Aziz yesterday told WND he is one of the few Brigades leaders not singing the amnesty agreement, saying the document is “too good to be true.”
“I am sure this is part of an Israeli conspiracy against our fighters,” Aziz said.
Senior Olmert spokeswoman Miri Eisin would neither confirm nor deny the list of terror suspects granted amnesty obtained by WND.
“I do not know the list of names but all included will have to renounce terrorism,” Eisin said.
Eisin said Olmert granted the terror suspects amnesty “as part of developing a relationship with Abbas and the PA government in the realm of security, economy and many other levels.”
“The Israeli government is committed to cooperating with the PA just as the PA committed to international principles and they are already taking concrete steps on their side. We hope this (amnesty) deal adds to the momentum to bring about a Palestinian state living securely alongside Israel,” said Eisin.

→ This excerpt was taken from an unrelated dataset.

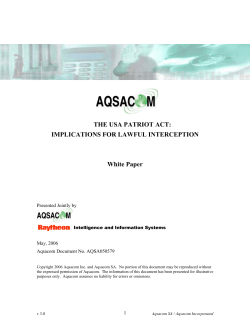 THE USA PATRIOT ACT: IMPLICATIONS FOR LAWFUL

Asked whether Olmert is willing to add more terrorists – such as Brigades chief Senakreh’s brother – to the amnesty list, Eisin replied, “there is always a possibility that more who want to renounce terror may be added. We are willing to address this issue.”
Multiple media reports yesterday stated as part of their amnesty agreement, Fatah fighters were turning their weapons in to the PA in exchange for cash payments.
Brigades members contacted by WND said about a dozen of the nearly 200 wanted militants handed in their personal weapons but said those who did are keeping assault rifles issued to them by Fatah as part of the Fatah security forces.
Asked if he will continue participating in attacks against Israel, one top Brigades leader speaking on condition his name be withheld since he just signed an amnesty agreement, replied, “If Israel doesn’t give us a reason to carry out attacks then why should we? But if we see the Israelis are looking to escalate things in the West Bank, the resistance will continue.”
Brigades No. 2 Aziz told WND even though senior leaders were signing amnesty agreements, the Brigades is not disbanding.
“We have conditions. We don’t trust the Israelis. The Brigades will not disband. We are ready to negotiate a deal of amnesty but we won’t sell out our principals and arms.”